Gourmet Your Holiday with Chef J - www.ghettogourmetcuisine.com!
Questions? #AskChefJ —Chef J
- 1 cup Water
- 1/2 cup (1 stick) Unsalted Butter
- 1 teaspoon Sugar
- 1 pinch Salt
- 1 cup Sifted All-Purpose Flour
- 1 teaspoon Baking Powder
- 3 Large Eggs
- Preheat the oven to 400 degrees F. Line 2 baking sheets with parchment paper.
- To make the pate a choux: In a heavy-bottomed saucepan, bring the water, butter, sugar, and salt to a gentle boil over medium-high heat, stirring to melt the butter completely.
- Add all the flour and baking powder at once and continue to stir until all the flour is incorporated and the dough becomes a mass that pulls away from the sides of the pot.
- Remove from the heat and scrape the dough into a mixing bowl.
- Using a standing or hand-held mixer, beat the dough on medium speed to cool it off a bit.
- Add the eggs, one-at-a-time, stopping to scrape down the sides of the bowl periodically.
- When all eggs have been incorporated, the dough should be a thick, smooth, and glossy paste.
- Form 24 golf ball-size mounds on the lined baking sheet about 2-inches apart allowing room for them to spread; keep the mounds as high and round as possible.
- You can use a pastry bag fitted with a star tip or a large spoon, your choice.
- Place the pans in the oven and bake for 10 minutes.
- Reduce the heat to 350 degrees F. and continue to cook for 25 minutes.
- Do not open the oven door or remove the pans from the oven until the puffs are firm to the touch.

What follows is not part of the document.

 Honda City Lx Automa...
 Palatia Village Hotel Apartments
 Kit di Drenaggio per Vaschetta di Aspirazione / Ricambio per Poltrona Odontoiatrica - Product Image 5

- The profiteroles should be golden brown and well-risen.
- Allow the shells to cool before filling.
- Using a serrated knife, slice the top off the pastry puffs and remove a little of the soft middle and stuff with mousse.
Smoked Salmon Mousse
- 4 ounces Smoked Salmon
- 2 tablespoons Heavy Cream
- 1 8 Ounce Package of Cream Cheese, Softened
- 1/2 Lemon, Juiced
- 1/2 teaspoon Dried Dill Weed to taste
- Salt & Pepper to taste
- Ground Cumin to taste
- Place smoked salmon in a blender or food processor, and blend until smooth.
- Mix in heavy cream, cream cheese, juice of half of a lemon, dried dill weed, salt and pepper, and cumin.
- Blend to desired consistency and begin stuffing the profiteroles.